◆ **Activity**:
Transcribe exactly the lines below that begin at the line with "3 Lens 12MP" and stop after the line with "Image similar to", leaving out every picture.
─── Exercise material
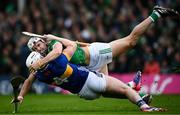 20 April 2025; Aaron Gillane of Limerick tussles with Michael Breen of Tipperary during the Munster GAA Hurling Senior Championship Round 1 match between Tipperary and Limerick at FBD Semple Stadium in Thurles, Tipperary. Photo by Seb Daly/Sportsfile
──────
─── Exercise material
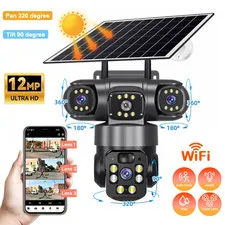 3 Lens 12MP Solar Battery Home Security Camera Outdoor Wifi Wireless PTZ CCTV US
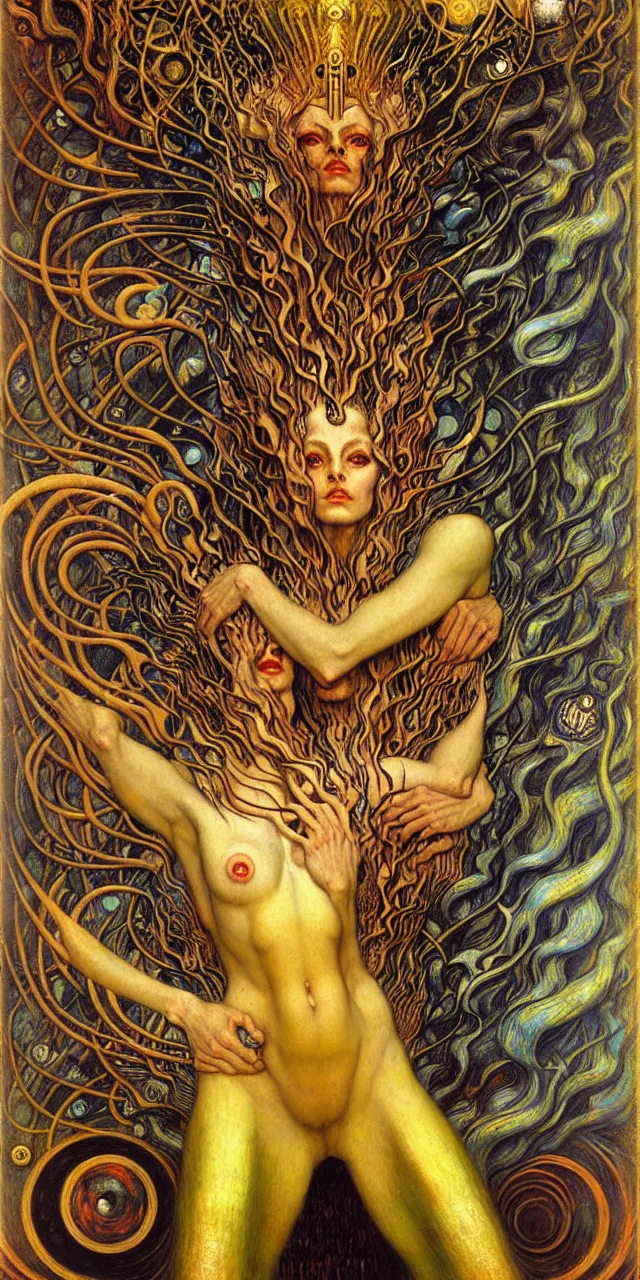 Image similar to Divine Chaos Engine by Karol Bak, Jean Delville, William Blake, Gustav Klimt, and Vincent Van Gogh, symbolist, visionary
──────
─── Exercise material
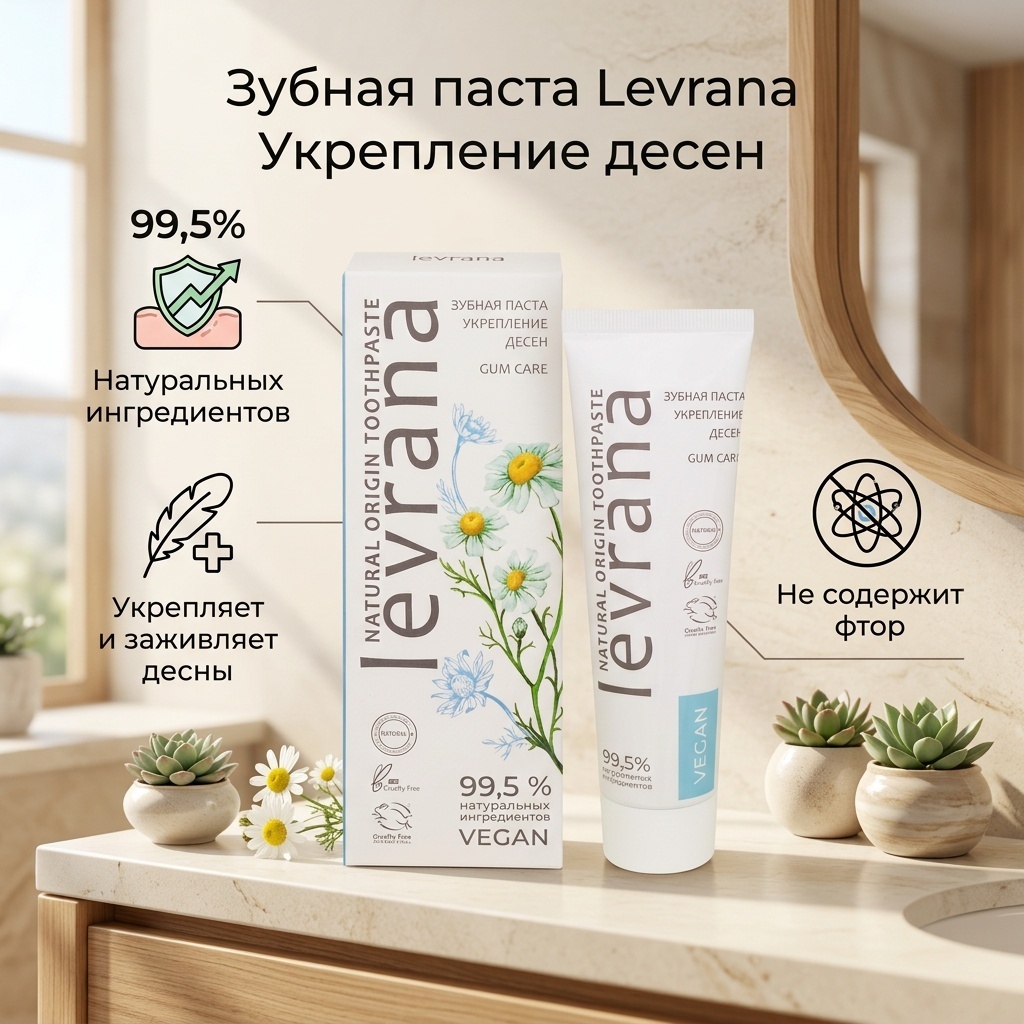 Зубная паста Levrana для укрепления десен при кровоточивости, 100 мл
──────
◆ **Answer for the task**:
 3 Lens 12MP Solar Battery Home Security Camera Outdoor Wifi Wireless PTZ CCTV US
 Image similar to Divine Chaos Engine by Karol Bak, Jean Delville, William Blake, Gustav Klimt, and Vincent Van Gogh, symbolist, visionary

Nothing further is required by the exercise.